The cosmos, once a realm of scientific exploration and discovery, is undergoing a significant transformation, evolving into an arena increasingly dominated by militarisation. This shift is notably emphasized in the recent report titled “Space Threat Assessment 2023” by the Centre for Strategic and International Studies, US, which serves as a stark warning that space has become a focal point for intense great power competition.
This prediction is becoming a tangible reality in South Asia, where India is rapidly strengthening its space capabilities as part of its overarching pursuit of regional hegemony.
India’s history of diverting materials and capabilities in the civilian domain towards military objectives serves as a caution. One notable example is the CIRUS nuclear reactor provided by Canada, which was diverted for India’s nuclear test in 1974. This historical context raises concerns about the potential for a similar pattern to emerge again.
In recent years, India has been actively strengthening its space capabilities, aligning them with its broader pursuit of regional hegemony. This ambition is evident in the successful launch of the Aditya-L1 solar observatory and the Mars Orbiter Mission (MOM). These accomplishments highlight India’s growing expertise in space exploration and its commitment to advancing its technological prowess. However, characterizing these space projects as exclusively civilian endeavors becomes less convincing when considering India’s simultaneous development of offensive direct ascent weapons. These weapons appear to be designed with the ostensible purpose of destroying ‘rogue satellites.’ The watershed moment for India’s DA-ASAT capabilities occurred in March 2019 during the much-publicized ‘Mission Shakti.’ This event demonstrated its ability to target satellites in orbit and left a legacy of hazardous debris that continues to threaten other space assets.

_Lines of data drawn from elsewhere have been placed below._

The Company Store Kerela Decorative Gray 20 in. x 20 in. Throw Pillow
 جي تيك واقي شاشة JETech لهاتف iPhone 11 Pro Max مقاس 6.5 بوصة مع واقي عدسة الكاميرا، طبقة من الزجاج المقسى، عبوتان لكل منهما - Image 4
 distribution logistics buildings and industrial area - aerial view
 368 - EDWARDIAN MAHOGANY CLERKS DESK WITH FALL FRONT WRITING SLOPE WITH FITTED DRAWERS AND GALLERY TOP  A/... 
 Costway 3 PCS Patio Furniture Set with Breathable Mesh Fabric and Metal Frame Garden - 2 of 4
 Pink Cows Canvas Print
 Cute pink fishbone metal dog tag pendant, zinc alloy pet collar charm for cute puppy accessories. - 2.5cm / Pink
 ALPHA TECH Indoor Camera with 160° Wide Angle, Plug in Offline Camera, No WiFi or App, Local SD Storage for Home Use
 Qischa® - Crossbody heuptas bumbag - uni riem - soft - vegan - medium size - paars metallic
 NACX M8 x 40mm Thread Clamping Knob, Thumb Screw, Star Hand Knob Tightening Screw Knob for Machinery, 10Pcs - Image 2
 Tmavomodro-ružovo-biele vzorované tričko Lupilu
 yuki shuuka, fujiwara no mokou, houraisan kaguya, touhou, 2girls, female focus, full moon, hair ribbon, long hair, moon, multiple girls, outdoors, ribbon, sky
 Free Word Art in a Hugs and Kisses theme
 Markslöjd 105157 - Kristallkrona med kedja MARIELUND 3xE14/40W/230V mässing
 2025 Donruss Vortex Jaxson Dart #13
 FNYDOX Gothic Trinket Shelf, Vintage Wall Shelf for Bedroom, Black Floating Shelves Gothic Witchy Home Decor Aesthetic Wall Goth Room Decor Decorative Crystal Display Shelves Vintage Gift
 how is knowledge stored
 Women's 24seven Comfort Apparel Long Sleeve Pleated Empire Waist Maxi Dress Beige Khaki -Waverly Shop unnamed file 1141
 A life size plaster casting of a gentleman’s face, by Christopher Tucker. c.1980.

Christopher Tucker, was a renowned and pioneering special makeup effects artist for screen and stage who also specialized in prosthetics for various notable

Over the past decade, India has systematically advanced its space warfare capabilities through strategic partnerships with external powers, facilitated by key agreements like the U.S.-India Space Security Dialogue, the Communications Compatibility and Security Agreement (COMCASA), and the Basic Exchange and Cooperation (BECA). Simultaneously, India’s civilian space program, led by the Indian Space Research Organization (ISRO), now ranks among the world’s top space agencies, with advanced launch facilities and domestically produced launch vehicles.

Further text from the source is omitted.